Cette nouvelle réévaluation est en hausse de près de quatre milliards par rapport à l’estimation avancée deux semaines plus tôt au cours d’une précédente audition au Congrès.
« A ce moment-là, c’était 25 milliards de dollars. Mais l’état-major et le contrôleur (financier) examinent en permanence les estimations et nous pensons maintenant que c’est plus proche de 29 » milliards, a expliqué M. Hurst, qui s’exprimait aux côtés du Secrétaire américain à la Guerre, Pete Hegseth, et du Chef d’Etat-Major des Armées des États-Unis, le général Dan Caine.

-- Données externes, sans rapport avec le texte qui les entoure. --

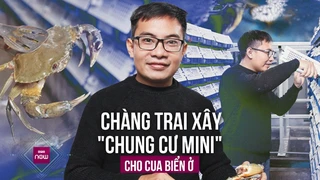 Kỳ lạ ông chủ bỏ tiền tỷ xây -chung cư mini- cho hàng nghìn cua biển giữa lòng Hà Nội - VTC Now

De son côté, M. Hegseth a déclaré que les Etats-Unis sont prêts à l’escalade face à l’Iran si nécessaire. « Nous avons un plan pour l’escalade si nécessaire. Nous avons aussi un plan pour retirer nos effectifs si nécessaire », a-t-il dit.
Évoquant la question des stocks d’armes et de munitions de l’armée, réduits depuis le début de la guerre en Iran, M. Hegseth a assuré que les « inquiétudes » concernant cette question sont « exagérées de manière inutile ».
« Nous disposons de tout ce dont nous avons besoin », a-t-il poursuivi, indiquant que l’industrie américaine de la défense a reçu pour consigne de « produire davantage et plus rapidement ».
Lundi, le président américain, Donald Trump, a estimé que le cessez-le-feu avec l’Iran « ne tient qu’à un fil », qualifiant de « ridicule » la proposition de Téhéran qu’il a reçue au cours du weekend en vue d’un accord mettant fin au conflit. Il a indiqué que les discussions reposaient essentiellement sur un accord de principe visant à garantir « l’absence d’armes nucléaires en Iran sur une longue période », promettant que l’Iran ne se dotera jamais de l’arme nucléaire.